Sad to say; mission very much unaccomplished.  I didn't hate this movie, and it has flashes of greatness, but in the end this is one case where, unlike Oz the Great and Powerful from a few weeks back, I found the negative hype to be pretty much on target.

The movie follows the story of Nick Carraway (yes, Nick Carraway), played by Toby Maguire, a would be writer who tries to make his way in 1922 New York as a bond trader.  He moves into a small cottage on Long Island next to an immense mansion owned by the mysterious "New Money" millionaire Jay Gatsby (Leonardo DiCaprio).  The story is told in flashbacks during Carraway's sessions with a psychiatrist in a sanatorium (an invention of the film), who encourages him to write it all down.  We find out that Nick's cousin, Daisy Buchanon (Carry Mulligan), who married "Old Money" scion Tom Buchanon (Joel Edgerton), just happens to live across the bay.  From Gatsby's pier can be seen a green beacon that sits at the end of the Buchanon estate.  Nick's mysterious neighbor wanders out at night to seemingly reach out to it across the water.  Nick receives an invitation to one of Gatsby's party's, unusual because these weekly bacchanals are open to anyone who wishes to drop in, and finds out all is not what it seems, and things that seem like coincidence are actually very well mapped out contrivances to get Gatsby and Daisy together.  

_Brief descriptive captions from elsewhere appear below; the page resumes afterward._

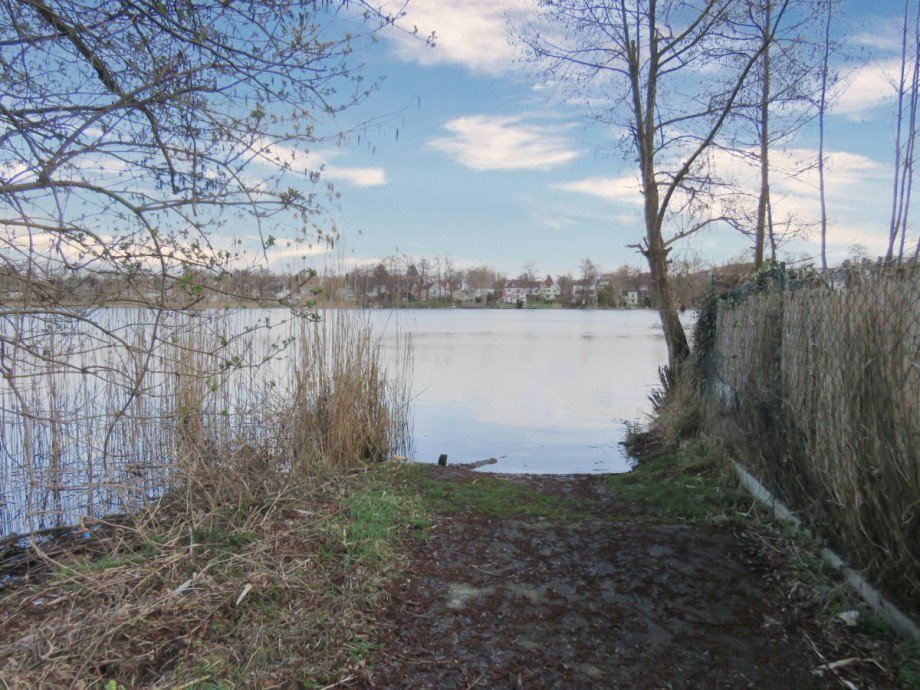 Kleiner Stienitzsee Wohngrundst�ck Hennickendorf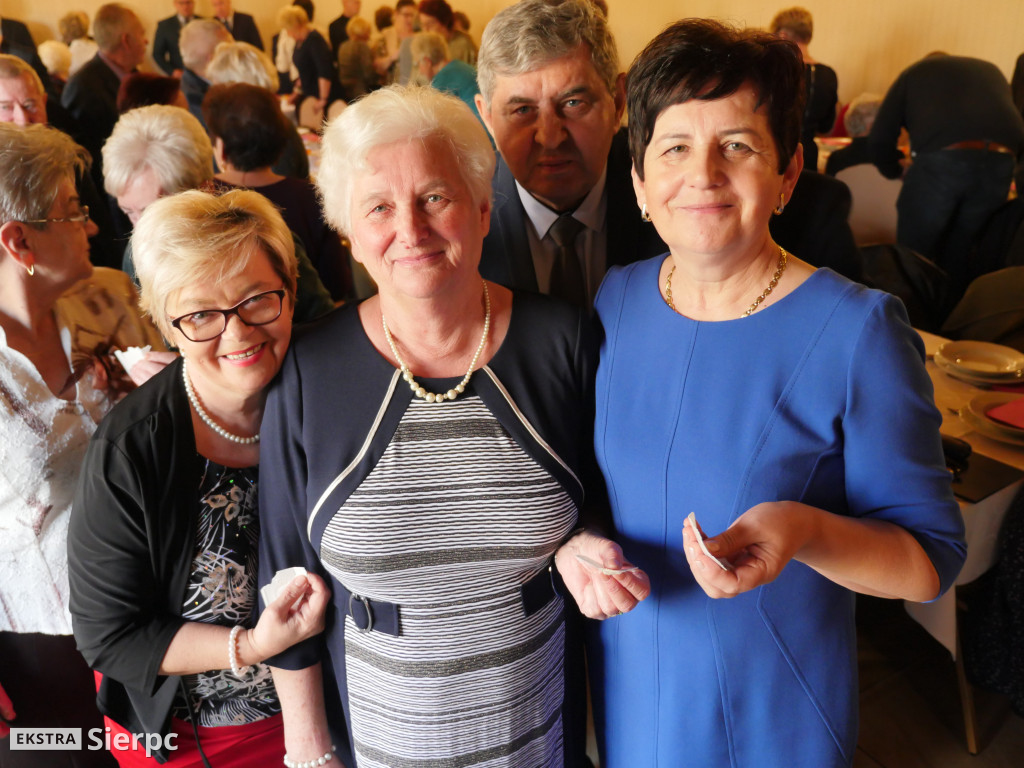 Spotkanie opłatkowe w PZERiI w Sierpcu
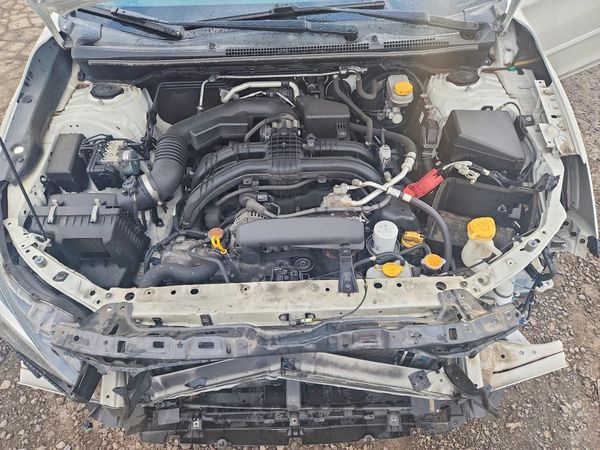 2018 SUBARU CROSSTREK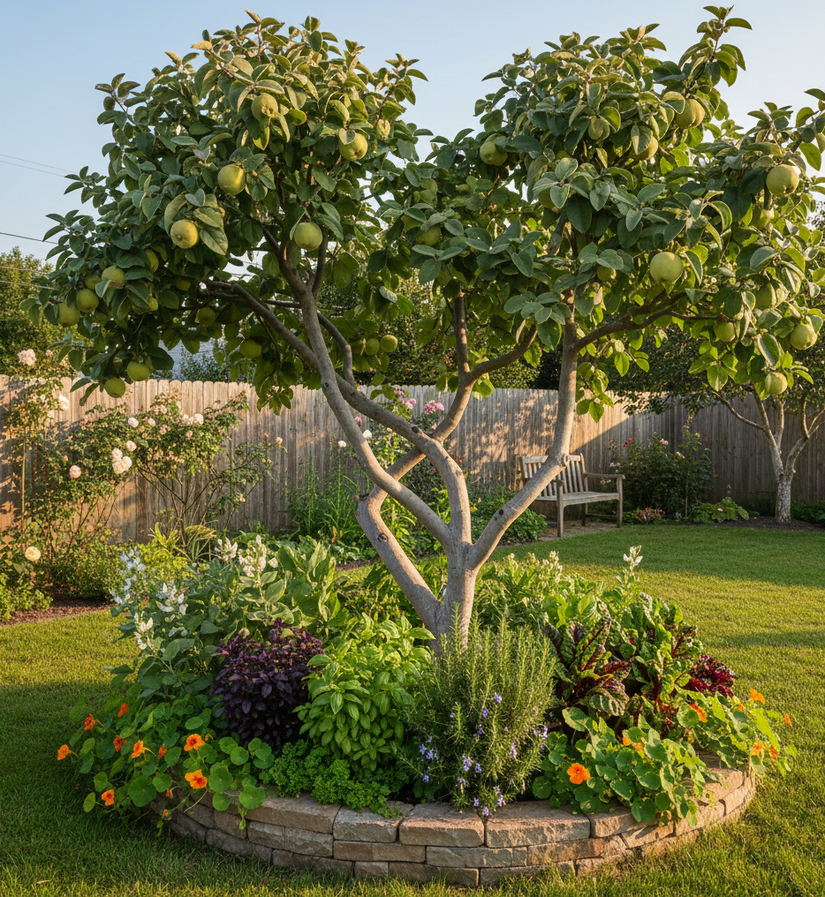 Quitte - Cydonia oblonga 'Portugal'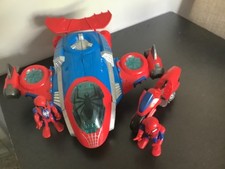Playskool marvel spider for sale  NEWARK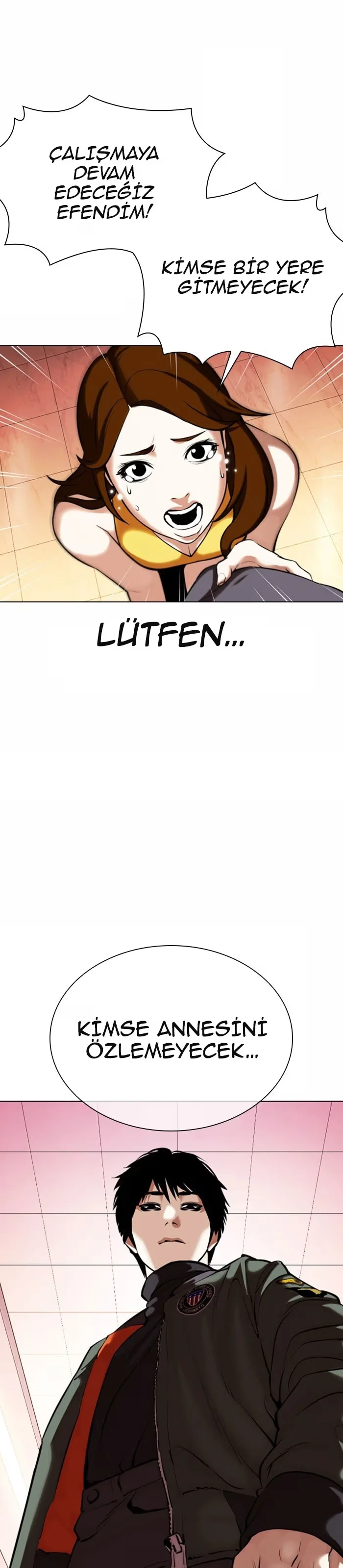Lookism - Bölüm 360 - Sayfa 10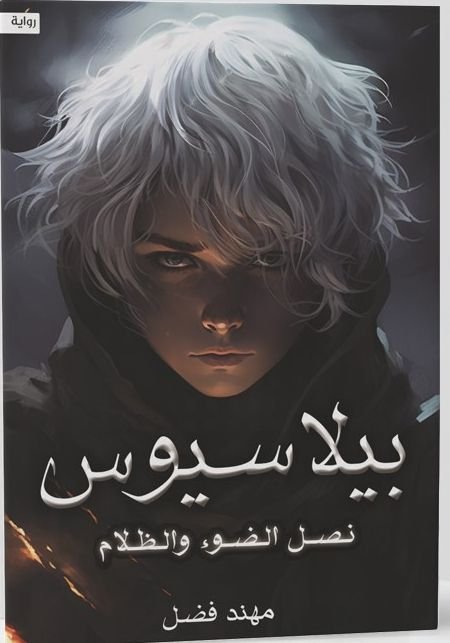 رواية بيلاسيوس نصل الضوء والظلام pdf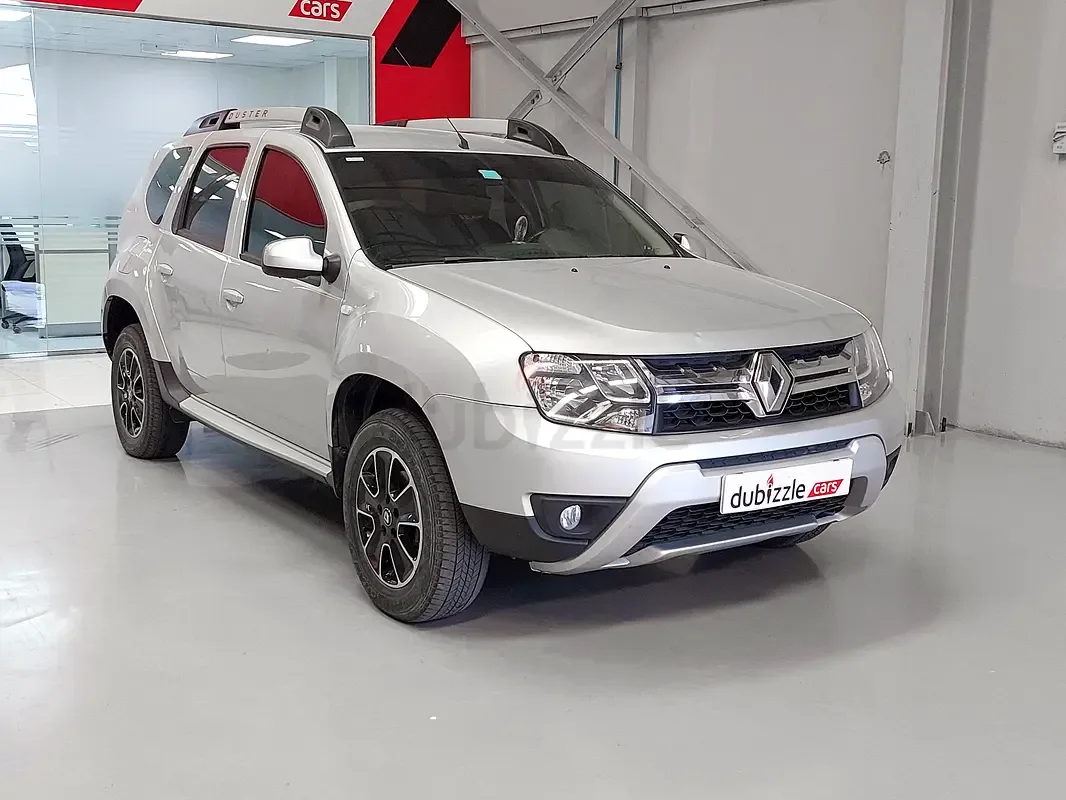 Renault Duster 1.6 CVT (114 hp)
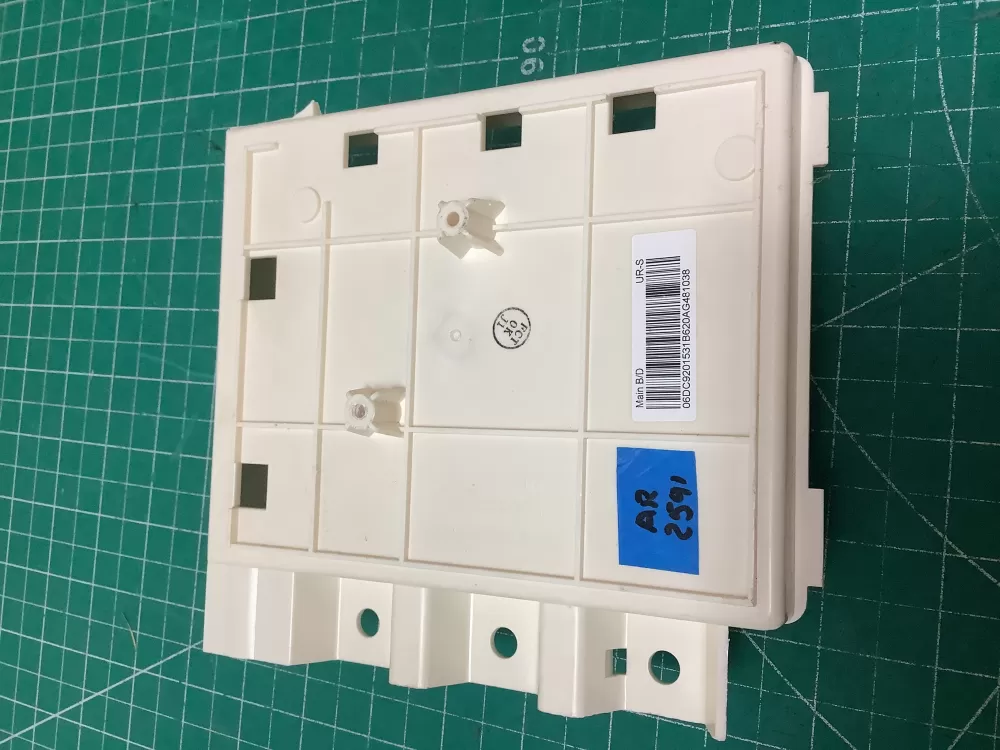 Samsung AP5955156 DC92 01531B PS10063192 Washer Control Board AZ227101 | AR2591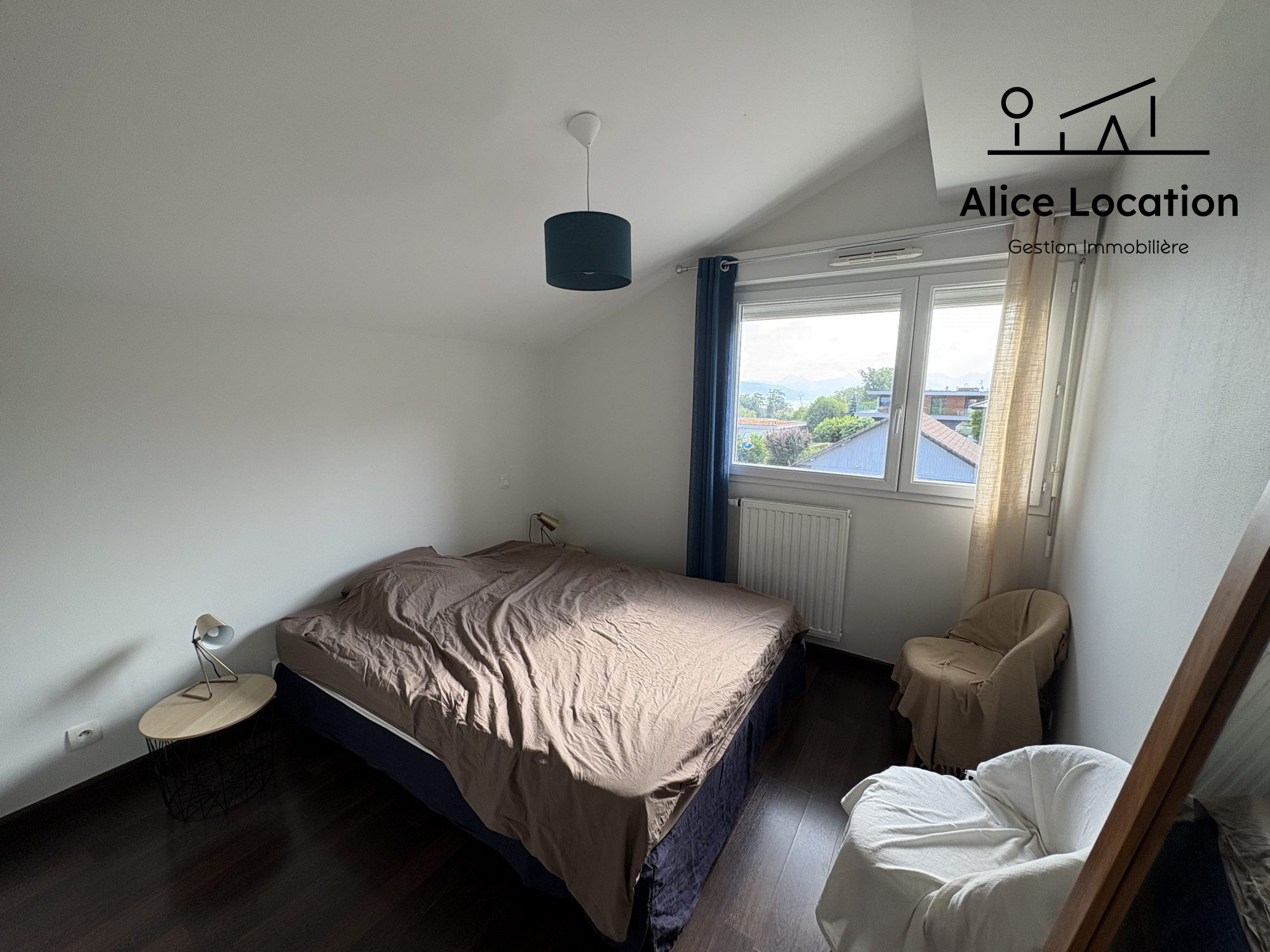location appartement EVIAN LES BAINS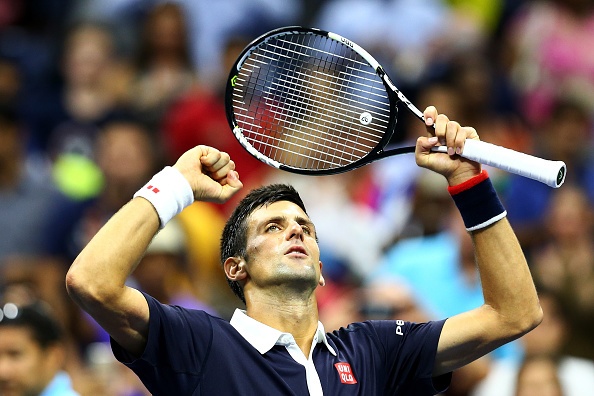 Djokovic lan thu 9 lien tiep vao ban ket US Open hinh anh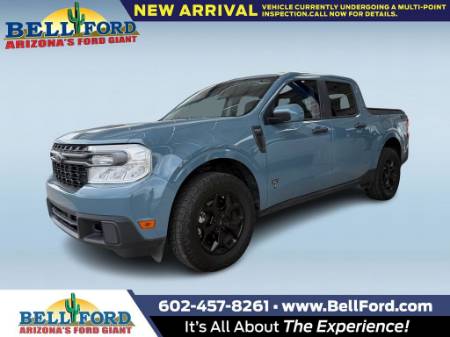 2022 Ford Maverick XLT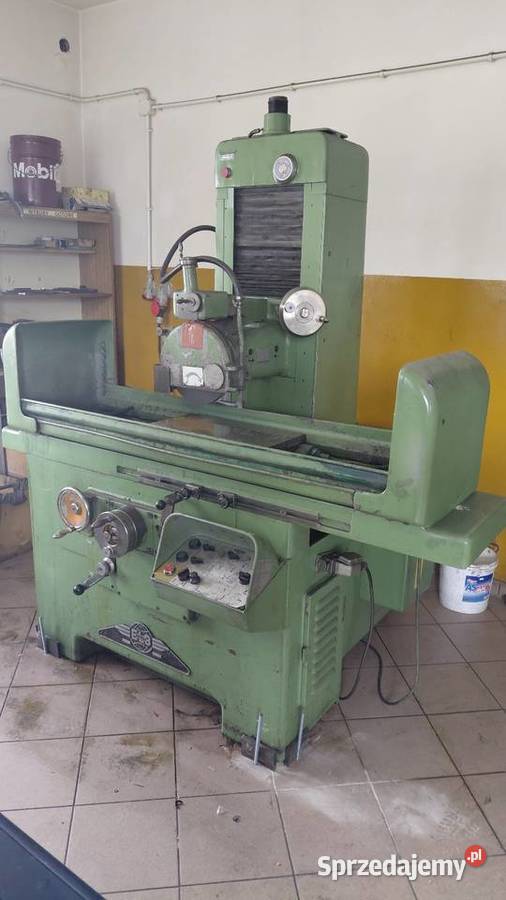 Szlifierka do płaszczyzn ELBSchliff Gorlice sprzedam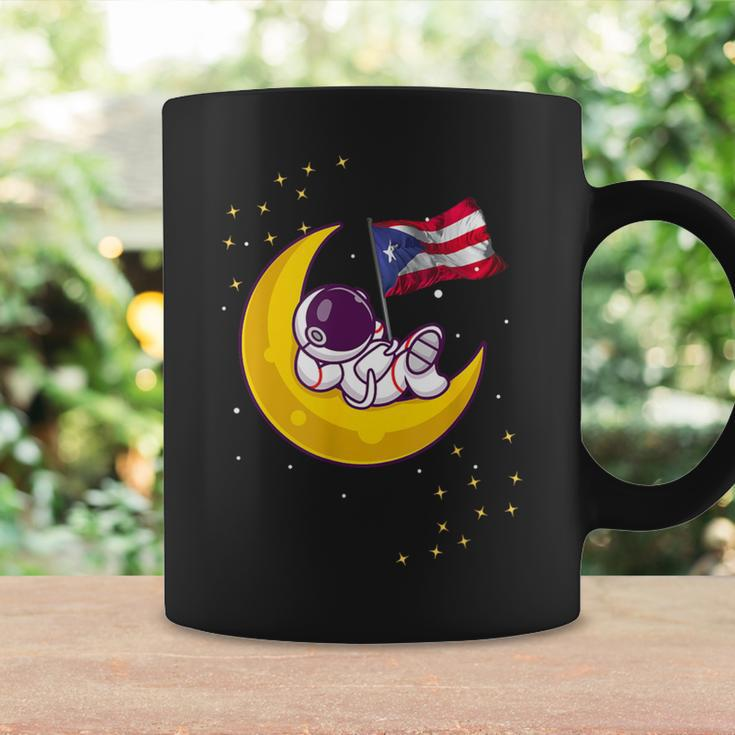 Boricua En La Luna Puerto Rico Boricua Pride Diaspora Coffee Mug Gifts ideas
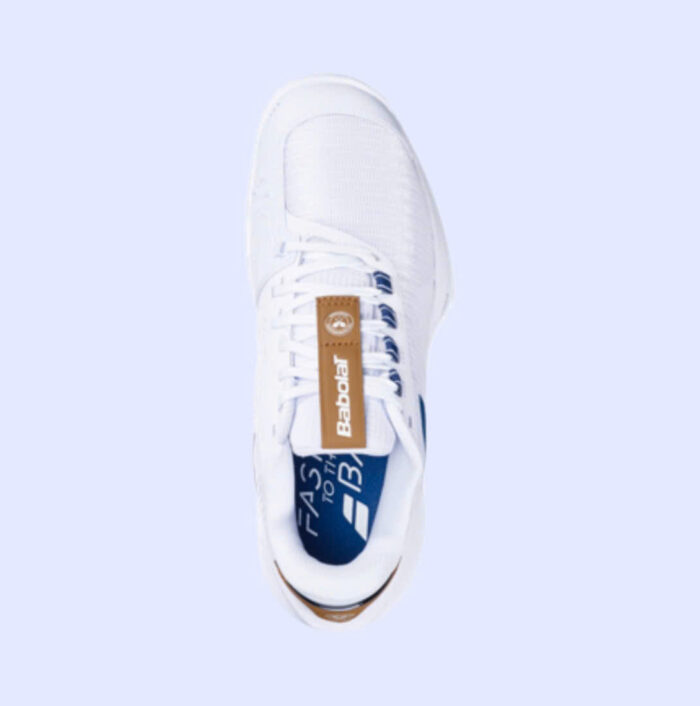 Giày Tennis Babolat Jet Tere 2 All Court Wimbledon Men - Ảnh 2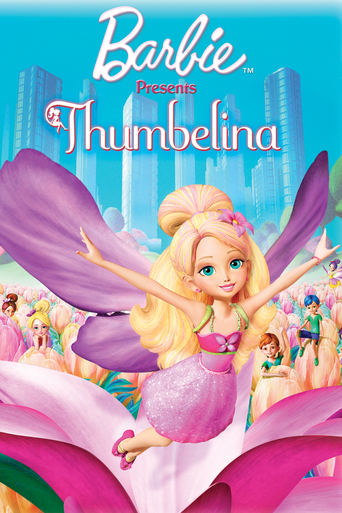 Barbie Presents: Thumbelina (2009) movie poster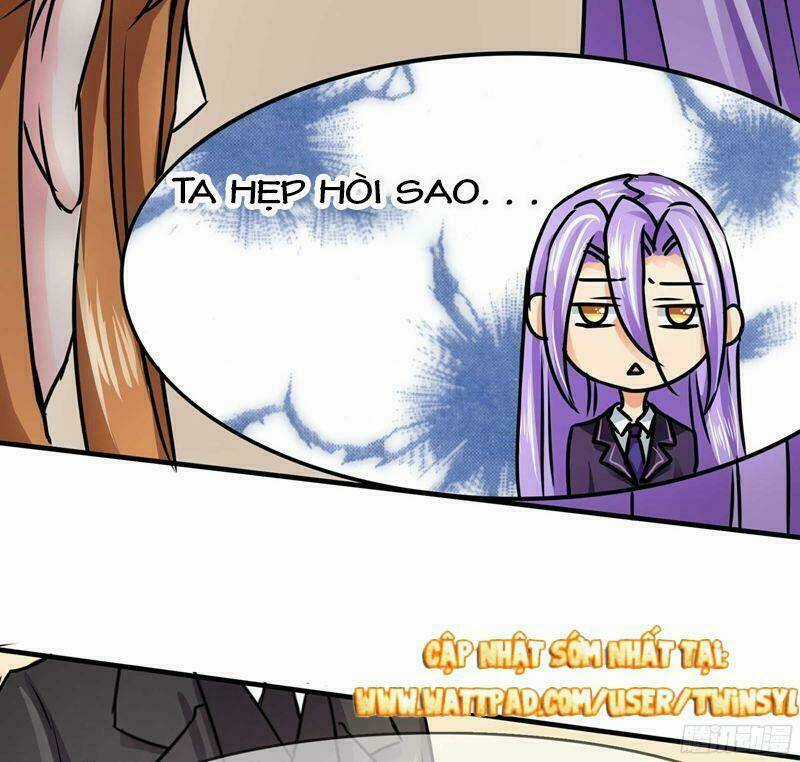 Bá Đạo Trung Khuyển Tìm Ái Ký Chapter 71 trang 15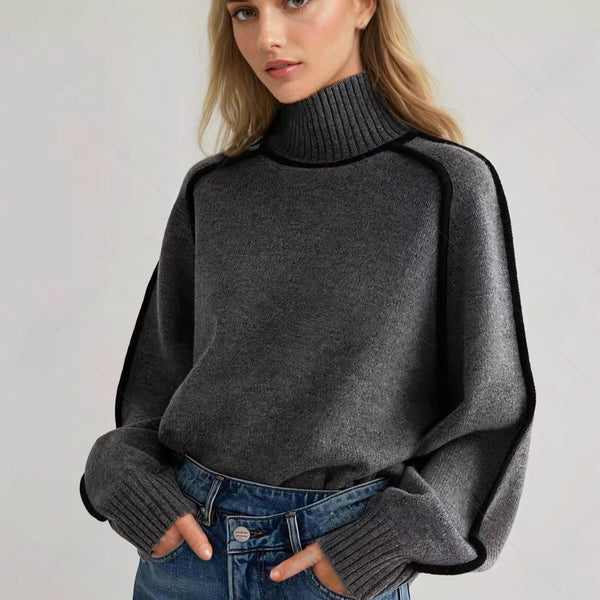 Forever Fall Turtleneck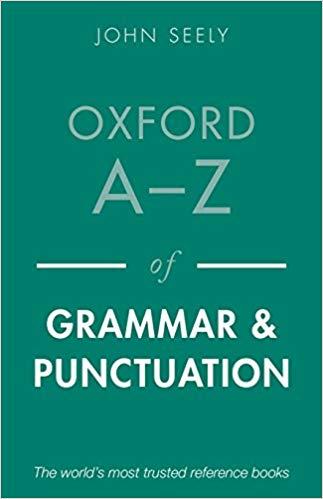 Oxford A-Z of Grammar and Punctuation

While the party scenes are certainly over the top, and in general the film represents more of a fantasia on Gatsby then a straight telling of the story (which is all well and good), in the end it really doesn't work.  But I'm not sure that this is completely Luhrmann's fault.  I read Gatsby years ago, and remember the beginning, and remember the end, but the middle is a bit muddled in my head.  And that's a pretty good way to describe this filmed version.  The reality is that not much really happens in the book until the end.  Most of the middle is taken up with dialogue scenes in hotel rooms and sea side cottages that would probably work better on the stage than on the screen.  Luhrmann is a visual director, and as hard as he tries to jazz up the more meditative segments I was still looking at my watch at a certain point.  He would have been better served to go full on fantasia as opposed to mixing the fantastic with an attempt to be faithful to the book.

For all the time spent lingering over our star crossed lovers, the ideas of the book are given short shrift.  We hear about the class distinctions between Old Money and the Nouveau Riche, Tom's white supremacist hogwash, and the corrupt manipulation of the public by hidden powers represented by the gambler Meyer Wolfsheim (Amitabh Bachchan), but they are never really fleshed out.  When we get to the end and Nick's stinging condemnation of the Buchanons and their class I'm not sure it will make complete sense to those in the audience who haven't read the book.  Or maybe it is that these themes are so 1920's in nature that the film makers figured their relevance would be lost on today's 18 to 35 year old demographic the movie is targeting, so why bother to get too deep?

Like I wrote, there are flashes of greatness.  The best scene was probably the most low tech: the confrontation between the principals at the Plaza Hotel on a sweltering summer afternoon.  While this is one of those "stagy" parts I wrote about, it was well staged and gave the actors a chance to act and show that they could do more than preen. 

I haven't talked about the 3-D because I don't see that it really mattered, except that it added to the superficiality of the proceedings.  At first I thought that the unreality of the sets, staging and music was  meant to be symbolic of the vacuousness of the period and the emptiness of the character's interior lives, but I'm really not sure.  The Great Gatsby does such a good job being vacant I can't believe it's just a trope.  Sometimes the negative hype is the truth, and unfortunately that's what's going on here.